Reports of Facebook's likely move into newsletters circulated back in January, shortly after the Revue announcement, and now, the platform has provided some insight into how its process will work.
As explained by Facebook:
"As writers, experts and journalists publish more of their work independently, we’re working to better support those efforts and make it easier for those content creators to build businesses online. In the coming months in the U.S., we’ll introduce a new platform to empower independent writers, helping them reach new audiences and grow their businesses."
Facebook's newsletter offering will be built upon a free self-publishing tool, with a range of style and layout options to help creators establish their own, unique content style.
Using this as the base, Facebook will then offer various distribution and presentation options, including:
- An integration with Facebook Pages to enable publishing across various multimedia formats including photos, live videos and stories
- The ability to create Facebook Groups and nurture a community of readers
- Features to help audiences easily discover new content and writers, and in turn help those creators build direct relationships with their audience
- Insights for writers to understand how content is performing
- Monetization tools to build successful individual websites and businesses, starting with subscriptions
- Accelerator services to help creators come together and learn best practices
Facebook could have several advantages on this front. As the most used single platform in the world, at 2.8 billion users, Facebook's potential reach is unmatched, and it has the capacity to ensure that more people are able to access your content via its platform.
If it so chooses. Right now, Facebook's organic Page reach is very limited - as in fractions of a percent of your Page audience - so it's not as big a lure as it could be. But if Facebook were looking to, say, promote this new option, it could open up that distribution to a wider pool, which would pique the interest of many creators.
Integrating groups provides another advantage - Facebook groups are used by 1.8 billion people every month, and can facilitate direct, consistent connection with your audience.
No other platform can come close to Facebook on these elements - and while, again, Facebook doesn't necessarily make it easy to reach all of your fans all the time, it could. If it wants to win out in the newsletter game, this distribution potential could be a key benefit.
But then again, as we recently saw with the Australian publisher shut down - if you are looking to build a business through Facebook, you don't want to leave yourself too reliant on the platform. Facebook cut off all Australian news publishers last month due to a dispute with the Australian Government over potential revenue share agreements with local media outlets. That left many small publishers, who are reliant on the platform, with nothing, and no recourse to get their Pages reinstated.
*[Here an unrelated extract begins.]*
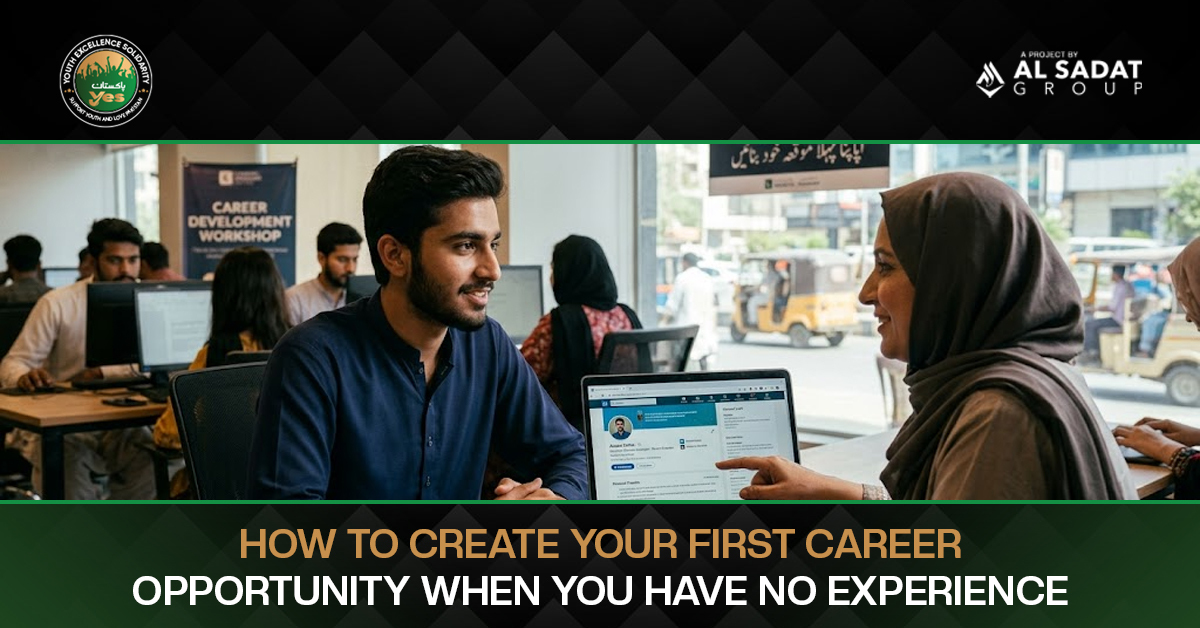 How to Create Your First Career Opportunity When You Have No Experience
Luckily, Facebook did restore all of those Pages after coming to a new agreement with the Government, which it has now solidified via deals with the major media players in the region. But the action was a stark reminder of the power Facebook wields in this respect - and that could leave some creators hesitant to build on 'rented land'.
Facebook's reach, again, can overcome this, but it's another consideration as Facebook moves into the next stage of this project.
In terms of which creators, specifically, Facebook is looking to appeal to, the company says that:
"A large part of this initiative is aimed at supporting independent local journalists who are often the lone voice covering a given community. We’ll work to include them at launch, and build tools and services specific to their needs."
Again, there will be a hesitancy for some to sign-up for Facebook's offerings - particularly experienced journalists who've likely seen their industry decimated over time by Facebook itself. But if the option offers direct connection, and provides a level of security around how you can build an audience, it still could hold massive appeal.
Ensuring creators can effectively monetize their content is key to keeping high-profile users on-platform, along with their engaged audiences. That remains the key challenge for TikTok, which is developing various monetization options, and with each platform looking into more revenue-generation tools, the race is now on to see which can provide the best, most viable alternative income streams in order to attract the best creators and their content.
Newsletters have slowly become a key part of this equation. Substack now has over 250,000 paying subscribers, providing publishers with direct connection to people's inboxes, while more media players have gradually moved towards newsletters as a means to establish that direct connection, and facilitate first-party data pathways to maximize opportunity.